1. ## What is being asked?

I have a 4 part problem that I am unsure what is being asked. I have shown what i have worked out.

$Lety = f(x) = \sqrt{x}$

a) Find the differential of y

$dy=\frac{1}{2\sqrt{x}} dx$

b) Calculate dy when x=4 and delta x = 0.01. Interpret.

$dy= \frac {1}{4} * \frac{1}{100} = \frac{1}{400 }= 0.0025$

c) Calculate delta y when x =4 and delta x = 0.01. Interpret.

$\Delta y = f(x + \Delta x) - f(x)$

$\Delta y =\sqrt{4.01} - \sqrt{4} \approx 0.002498$

d) Illustrate dy and delta y.

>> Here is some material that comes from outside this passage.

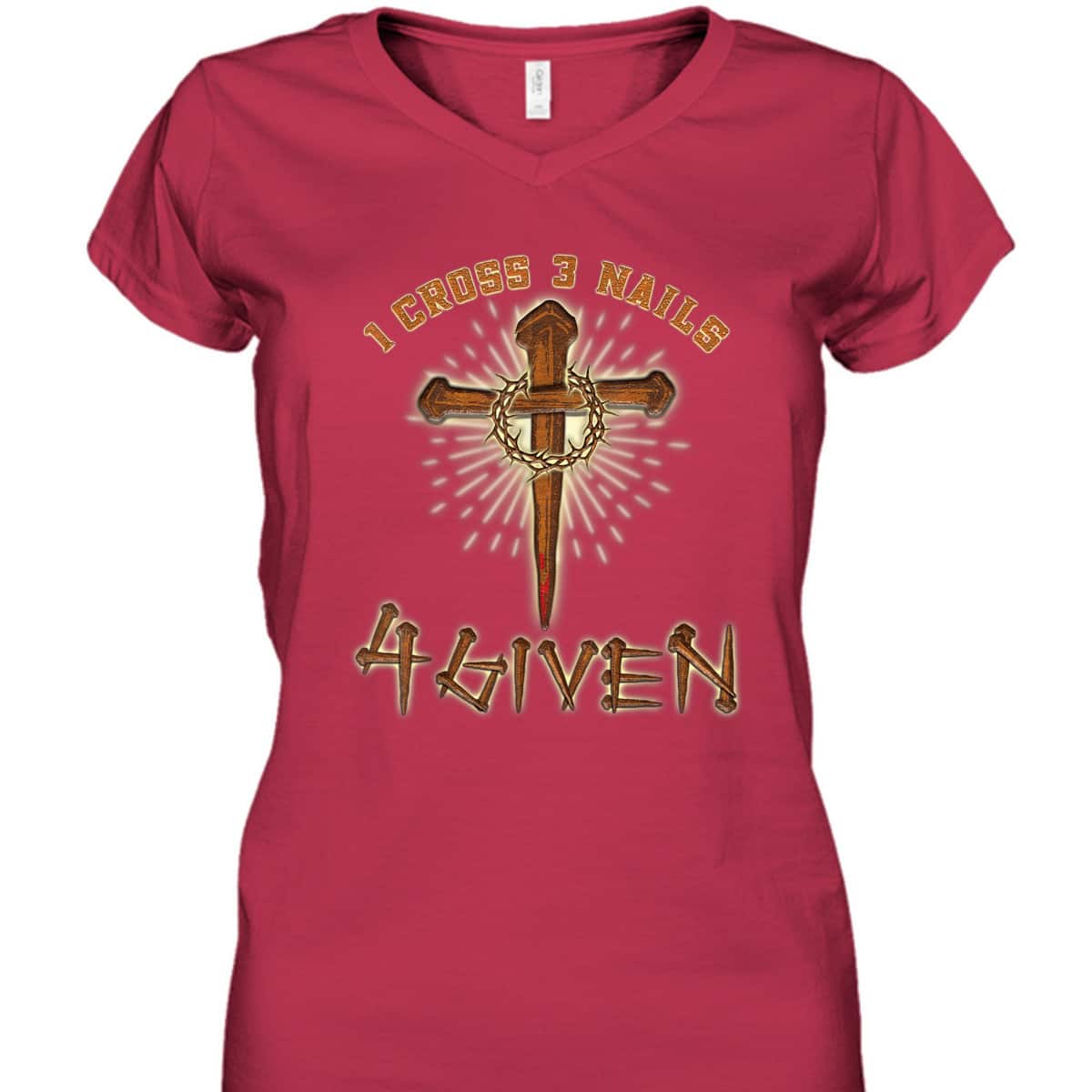 Easter Jesus 1 Cross 3 Nails 4 Given Religious Christian T-Shirt Easter Jesus 1 Cross 3 Nails 4 Given Religious Christian T-Shirt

Interpret.

So what are they asking for "interpret" and "illustrate"?

Thanks,
Rod

2. ## Re: What is being asked?

Originally Posted by friesr
I have a 4 part problem that I am unsure what is being asked. I have shown what i have worked out.
$Lety = f(x) = \sqrt{x}$
a) Find the differential of y
$dy=\frac{1}{2\sqrt{x}} dx$

b) Calculate dy when x=4 and delta x = 0.01. Interpret.
$dy= \frac {1}{4} * \frac{1}{100} = \frac{1}{400 }= 0.0025$

c) Calculate delta y when x =4 and delta x = 0.01. Interpret.
$\Delta y = f(x + \Delta x) - f(x)$

$\Delta y =\sqrt{4.01} - \sqrt{4} \approx 0.002498$

d) Illustrate dy and delta y. Interpret.

So what are they asking for "interpret" and "illustrate"?

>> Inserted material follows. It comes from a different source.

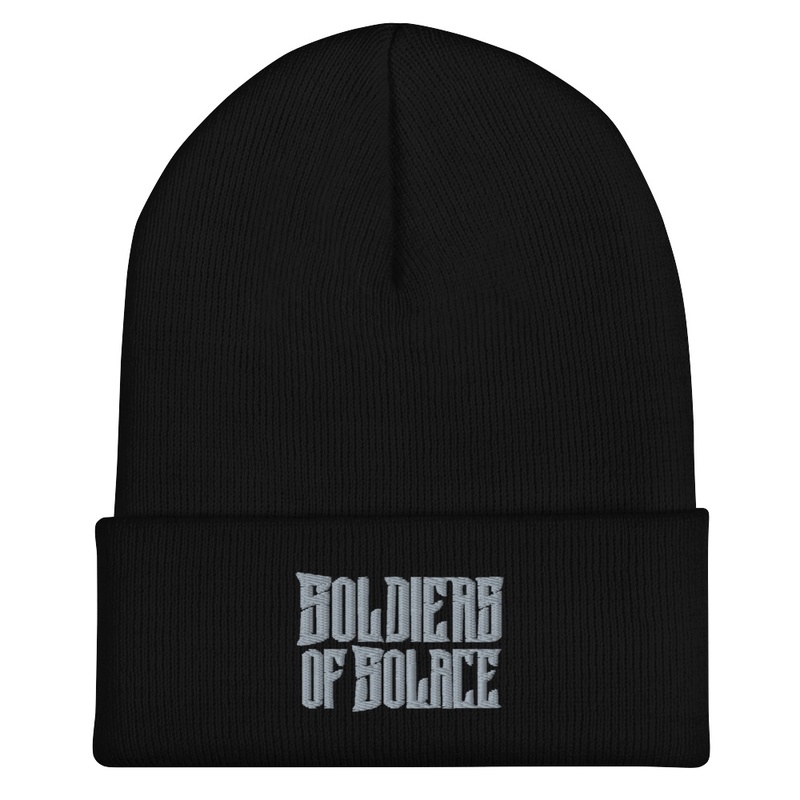 SOS Logo in Grey on Black Beanie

To be truthful, I not sure what the expected answer is.

But $\sqrt{4.01} - \sqrt{4} \approx 0.002498$ tell you that $\sqrt{4.01}\approx 2.002498$

3. ## Re: What is being asked?

Originally Posted by friesr
I have a 4 part problem that I am unsure what is being asked. I have shown what i have worked out.

$Lety = f(x) = \sqrt{x}$

a) Find the differential of y

$dy=\frac{1}{2\sqrt{x}} dx$

b) Calculate dy when x=4 and delta x = 0.01. Interpret.

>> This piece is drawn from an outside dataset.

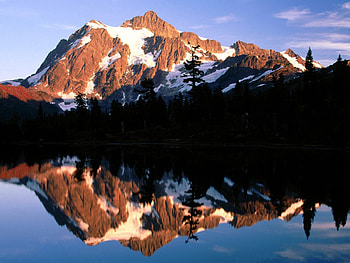 Nature, Mountains, Lake, Shadow, Evening HD wallpaper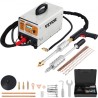 Stud Welder Dent Repair Kit, 3 kW 220 V Spot Welder Dent Puller med 2 svejsepistoler, 6 tilstande Spot Welding Machine med LCD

$dy= \frac {1}{4} * \frac{1}{100} = \frac{1}{400 }= 0.0025$
You know that you can think of the derivative as the slope of the tangent line, don't you? If you start from $(4, 2)$ and x increases by .01 then the linear approximation to y(x) says that y will increase by 0.0025.

c) Calculate delta y when x =4 and delta x = 0.01. Interpret.

$\Delta y = f(x + \Delta x) - f(x)$

$\Delta y =\sqrt{4.01} - \sqrt{4} \approx 0.002498$
This is saying that if, starting at (4, 2), x increases by .01, then y actually changes by 0.002498.
Pretty close to the linear approximation, before, 0.0025 isn't it?

d) Illustrate dy and delta y. Interpret.
Draw a graph! Draw the graph of $y= \sqrt{x}$ and its tangent line at x= 4. Draw a horizontal line from (4, 2) to (4.01, 2). $\Delta y$ is the distance from (4.01, 2) up to the graph of $y= \sqrt{x}$ and dy is the distance from (4.01, 2) to the tangent line.

So what are they asking for "interpret" and "illustrate"?

Thanks,
Rod